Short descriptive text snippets
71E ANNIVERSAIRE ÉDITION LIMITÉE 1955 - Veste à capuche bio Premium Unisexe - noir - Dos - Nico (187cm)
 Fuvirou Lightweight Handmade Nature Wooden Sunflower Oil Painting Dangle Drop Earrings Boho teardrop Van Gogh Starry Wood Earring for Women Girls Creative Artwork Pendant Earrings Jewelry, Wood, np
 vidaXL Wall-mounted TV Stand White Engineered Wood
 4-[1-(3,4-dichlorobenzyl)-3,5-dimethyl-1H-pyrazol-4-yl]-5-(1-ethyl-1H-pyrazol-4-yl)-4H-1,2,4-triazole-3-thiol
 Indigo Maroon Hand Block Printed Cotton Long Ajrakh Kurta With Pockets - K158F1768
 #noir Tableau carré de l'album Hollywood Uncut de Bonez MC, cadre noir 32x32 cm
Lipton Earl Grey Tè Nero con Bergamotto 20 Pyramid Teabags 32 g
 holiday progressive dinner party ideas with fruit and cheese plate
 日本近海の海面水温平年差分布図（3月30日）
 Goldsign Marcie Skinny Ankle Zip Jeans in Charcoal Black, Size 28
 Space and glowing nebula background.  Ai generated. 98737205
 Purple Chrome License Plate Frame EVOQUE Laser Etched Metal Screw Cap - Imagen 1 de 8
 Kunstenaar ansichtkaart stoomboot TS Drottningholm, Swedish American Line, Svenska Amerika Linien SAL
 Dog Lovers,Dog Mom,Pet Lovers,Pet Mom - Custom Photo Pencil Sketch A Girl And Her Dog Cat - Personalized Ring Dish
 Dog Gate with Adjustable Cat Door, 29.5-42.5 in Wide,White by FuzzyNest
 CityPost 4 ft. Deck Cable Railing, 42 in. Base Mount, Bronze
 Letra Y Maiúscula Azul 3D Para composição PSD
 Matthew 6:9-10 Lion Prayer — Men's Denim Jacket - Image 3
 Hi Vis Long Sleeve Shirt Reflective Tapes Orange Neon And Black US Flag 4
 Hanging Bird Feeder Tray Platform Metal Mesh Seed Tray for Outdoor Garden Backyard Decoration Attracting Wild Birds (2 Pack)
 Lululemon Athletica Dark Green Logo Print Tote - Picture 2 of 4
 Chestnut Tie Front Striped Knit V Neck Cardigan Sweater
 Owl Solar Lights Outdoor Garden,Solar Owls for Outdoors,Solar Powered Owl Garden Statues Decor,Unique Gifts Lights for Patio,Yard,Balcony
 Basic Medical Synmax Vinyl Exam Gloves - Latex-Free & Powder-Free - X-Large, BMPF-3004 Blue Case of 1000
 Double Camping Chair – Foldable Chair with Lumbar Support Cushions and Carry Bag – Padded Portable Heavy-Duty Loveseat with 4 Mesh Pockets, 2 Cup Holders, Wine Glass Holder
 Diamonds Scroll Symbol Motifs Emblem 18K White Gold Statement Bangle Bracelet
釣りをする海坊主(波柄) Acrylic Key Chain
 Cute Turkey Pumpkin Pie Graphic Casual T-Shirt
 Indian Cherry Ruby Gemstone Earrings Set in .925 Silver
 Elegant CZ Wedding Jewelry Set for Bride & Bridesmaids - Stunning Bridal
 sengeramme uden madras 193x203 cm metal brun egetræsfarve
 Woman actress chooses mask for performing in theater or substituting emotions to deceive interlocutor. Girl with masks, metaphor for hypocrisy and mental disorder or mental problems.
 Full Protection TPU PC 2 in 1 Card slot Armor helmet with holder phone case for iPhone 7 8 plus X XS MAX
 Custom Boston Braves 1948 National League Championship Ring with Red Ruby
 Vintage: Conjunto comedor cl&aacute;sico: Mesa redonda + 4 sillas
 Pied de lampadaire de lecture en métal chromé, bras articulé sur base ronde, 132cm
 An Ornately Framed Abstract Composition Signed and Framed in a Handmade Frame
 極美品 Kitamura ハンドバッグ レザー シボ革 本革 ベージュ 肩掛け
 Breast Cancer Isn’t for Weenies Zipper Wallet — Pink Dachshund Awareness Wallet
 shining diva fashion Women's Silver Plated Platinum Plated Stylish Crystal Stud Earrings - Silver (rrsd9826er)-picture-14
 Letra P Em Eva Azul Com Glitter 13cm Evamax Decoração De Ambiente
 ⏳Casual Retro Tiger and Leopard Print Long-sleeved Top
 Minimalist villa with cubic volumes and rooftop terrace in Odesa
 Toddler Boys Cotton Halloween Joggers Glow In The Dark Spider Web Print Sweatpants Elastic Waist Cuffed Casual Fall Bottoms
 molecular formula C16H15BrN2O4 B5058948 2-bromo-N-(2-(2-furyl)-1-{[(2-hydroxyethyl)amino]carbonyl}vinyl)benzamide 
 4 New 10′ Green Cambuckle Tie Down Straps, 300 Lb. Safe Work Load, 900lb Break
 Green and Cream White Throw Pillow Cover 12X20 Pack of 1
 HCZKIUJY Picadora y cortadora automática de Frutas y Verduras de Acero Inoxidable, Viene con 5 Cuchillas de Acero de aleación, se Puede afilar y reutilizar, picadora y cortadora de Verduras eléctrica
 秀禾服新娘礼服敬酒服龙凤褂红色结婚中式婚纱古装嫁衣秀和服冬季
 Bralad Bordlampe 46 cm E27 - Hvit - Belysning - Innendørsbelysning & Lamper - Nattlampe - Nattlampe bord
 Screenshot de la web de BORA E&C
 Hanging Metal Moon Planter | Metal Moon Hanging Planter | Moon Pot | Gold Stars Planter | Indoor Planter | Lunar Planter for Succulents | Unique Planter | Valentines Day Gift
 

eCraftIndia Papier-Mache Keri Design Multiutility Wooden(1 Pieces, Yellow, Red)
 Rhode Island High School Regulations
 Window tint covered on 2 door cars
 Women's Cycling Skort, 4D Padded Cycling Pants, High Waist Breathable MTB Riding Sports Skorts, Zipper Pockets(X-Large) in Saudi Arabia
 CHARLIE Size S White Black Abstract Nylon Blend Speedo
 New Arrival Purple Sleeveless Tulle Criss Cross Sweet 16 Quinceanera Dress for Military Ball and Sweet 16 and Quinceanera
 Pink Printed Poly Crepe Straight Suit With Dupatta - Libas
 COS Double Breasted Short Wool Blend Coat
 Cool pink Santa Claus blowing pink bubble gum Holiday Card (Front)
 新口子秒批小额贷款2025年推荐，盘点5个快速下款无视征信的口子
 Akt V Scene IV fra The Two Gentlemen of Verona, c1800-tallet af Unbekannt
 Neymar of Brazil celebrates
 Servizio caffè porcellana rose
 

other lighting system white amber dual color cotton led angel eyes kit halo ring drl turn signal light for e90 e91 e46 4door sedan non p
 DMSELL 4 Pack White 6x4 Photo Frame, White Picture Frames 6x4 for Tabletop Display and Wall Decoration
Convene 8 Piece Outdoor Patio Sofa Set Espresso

Problem
What is needed is an exact copy of every entry.

Reply
71E ANNIVERSAIRE ÉDITION LIMITÉE 1955 - Veste à capuche bio Premium Unisexe - noir - Dos - Nico (187cm)
 Fuvirou Lightweight Handmade Nature Wooden Sunflower Oil Painting Dangle Drop Earrings Boho teardrop Van Gogh Starry Wood Earring for Women Girls Creative Artwork Pendant Earrings Jewelry, Wood, np
 vidaXL Wall-mounted TV Stand White Engineered Wood
 4-[1-(3,4-dichlorobenzyl)-3,5-dimethyl-1H-pyrazol-4-yl]-5-(1-ethyl-1H-pyrazol-4-yl)-4H-1,2,4-triazole-3-thiol
 Indigo Maroon Hand Block Printed Cotton Long Ajrakh Kurta With Pockets - K158F1768
 #noir Tableau carré de l'album Hollywood Uncut de Bonez MC, cadre noir 32x32 cm
Lipton Earl Grey Tè Nero con Bergamotto 20 Pyramid Teabags 32 g
 holiday progressive dinner party ideas with fruit and cheese plate
 日本近海の海面水温平年差分布図（3月30日）
 Goldsign Marcie Skinny Ankle Zip Jeans in Charcoal Black, Size 28
 Space and glowing nebula background.  Ai generated. 98737205
 Purple Chrome License Plate Frame EVOQUE Laser Etched Metal Screw Cap - Imagen 1 de 8
 Kunstenaar ansichtkaart stoomboot TS Drottningholm, Swedish American Line, Svenska Amerika Linien SAL
 Dog Lovers,Dog Mom,Pet Lovers,Pet Mom - Custom Photo Pencil Sketch A Girl And Her Dog Cat - Personalized Ring Dish
 Dog Gate with Adjustable Cat Door, 29.5-42.5 in Wide,White by FuzzyNest
 CityPost 4 ft. Deck Cable Railing, 42 in. Base Mount, Bronze
 Letra Y Maiúscula Azul 3D Para composição PSD
 Matthew 6:9-10 Lion Prayer — Men's Denim Jacket - Image 3
 Hi Vis Long Sleeve Shirt Reflective Tapes Orange Neon And Black US Flag 4
 Hanging Bird Feeder Tray Platform Metal Mesh Seed Tray for Outdoor Garden Backyard Decoration Attracting Wild Birds (2 Pack)
 Lululemon Athletica Dark Green Logo Print Tote - Picture 2 of 4
 Chestnut Tie Front Striped Knit V Neck Cardigan Sweater
 Owl Solar Lights Outdoor Garden,Solar Owls for Outdoors,Solar Powered Owl Garden Statues Decor,Unique Gifts Lights for Patio,Yard,Balcony
 Basic Medical Synmax Vinyl Exam Gloves - Latex-Free & Powder-Free - X-Large, BMPF-3004 Blue Case of 1000
 Double Camping Chair – Foldable Chair with Lumbar Support Cushions and Carry Bag – Padded Portable Heavy-Duty Loveseat with 4 Mesh Pockets, 2 Cup Holders, Wine Glass Holder
 Diamonds Scroll Symbol Motifs Emblem 18K White Gold Statement Bangle Bracelet
釣りをする海坊主(波柄) Acrylic Key Chain
 Cute Turkey Pumpkin Pie Graphic Casual T-Shirt
 Indian Cherry Ruby Gemstone Earrings Set in .925 Silver
 Elegant CZ Wedding Jewelry Set for Bride & Bridesmaids - Stunning Bridal
 sengeramme uden madras 193x203 cm metal brun egetræsfarve
 Woman actress chooses mask for performing in theater or substituting emotions to deceive interlocutor. Girl with masks, metaphor for hypocrisy and mental disorder or mental problems.
 Full Protection TPU PC 2 in 1 Card slot Armor helmet with holder phone case for iPhone 7 8 plus X XS MAX
 Custom Boston Braves 1948 National League Championship Ring with Red Ruby
 Vintage: Conjunto comedor cl&aacute;sico: Mesa redonda + 4 sillas
 Pied de lampadaire de lecture en métal chromé, bras articulé sur base ronde, 132cm
 An Ornately Framed Abstract Composition Signed and Framed in a Handmade Frame
 極美品 Kitamura ハンドバッグ レザー シボ革 本革 ベージュ 肩掛け
 Breast Cancer Isn’t for Weenies Zipper Wallet — Pink Dachshund Awareness Wallet
 shining diva fashion Women's Silver Plated Platinum Plated Stylish Crystal Stud Earrings - Silver (rrsd9826er)-picture-14
 Letra P Em Eva Azul Com Glitter 13cm Evamax Decoração De Ambiente
 ⏳Casual Retro Tiger and Leopard Print Long-sleeved Top
 Minimalist villa with cubic volumes and rooftop terrace in Odesa
 Toddler Boys Cotton Halloween Joggers Glow In The Dark Spider Web Print Sweatpants Elastic Waist Cuffed Casual Fall Bottoms
 molecular formula C16H15BrN2O4 B5058948 2-bromo-N-(2-(2-furyl)-1-{[(2-hydroxyethyl)amino]carbonyl}vinyl)benzamide 
 4 New 10′ Green Cambuckle Tie Down Straps, 300 Lb. Safe Work Load, 900lb Break
 Green and Cream White Throw Pillow Cover 12X20 Pack of 1
 HCZKIUJY Picadora y cortadora automática de Frutas y Verduras de Acero Inoxidable, Viene con 5 Cuchillas de Acero de aleación, se Puede afilar y reutilizar, picadora y cortadora de Verduras eléctrica
 秀禾服新娘礼服敬酒服龙凤褂红色结婚中式婚纱古装嫁衣秀和服冬季
 Bralad Bordlampe 46 cm E27 - Hvit - Belysning - Innendørsbelysning & Lamper - Nattlampe - Nattlampe bord
 Screenshot de la web de BORA E&C
 Hanging Metal Moon Planter | Metal Moon Hanging Planter | Moon Pot | Gold Stars Planter | Indoor Planter | Lunar Planter for Succulents | Unique Planter | Valentines Day Gift
 

eCraftIndia Papier-Mache Keri Design Multiutility Wooden(1 Pieces, Yellow, Red)
 Rhode Island High School Regulations
 Window tint covered on 2 door cars
 Women's Cycling Skort, 4D Padded Cycling Pants, High Waist Breathable MTB Riding Sports Skorts, Zipper Pockets(X-Large) in Saudi Arabia
 CHARLIE Size S White Black Abstract Nylon Blend Speedo
 New Arrival Purple Sleeveless Tulle Criss Cross Sweet 16 Quinceanera Dress for Military Ball and Sweet 16 and Quinceanera
 Pink Printed Poly Crepe Straight Suit With Dupatta - Libas
 COS Double Breasted Short Wool Blend Coat
 Cool pink Santa Claus blowing pink bubble gum Holiday Card (Front)
 新口子秒批小额贷款2025年推荐，盘点5个快速下款无视征信的口子
 Akt V Scene IV fra The Two Gentlemen of Verona, c1800-tallet af Unbekannt
 Neymar of Brazil celebrates
 Servizio caffè porcellana rose
 

other lighting system white amber dual color cotton led angel eyes kit halo ring drl turn signal light for e90 e91 e46 4door sedan non p
 DMSELL 4 Pack White 6x4 Photo Frame, White Picture Frames 6x4 for Tabletop Display and Wall Decoration
Convene 8 Piece Outdoor Patio Sofa Set Espresso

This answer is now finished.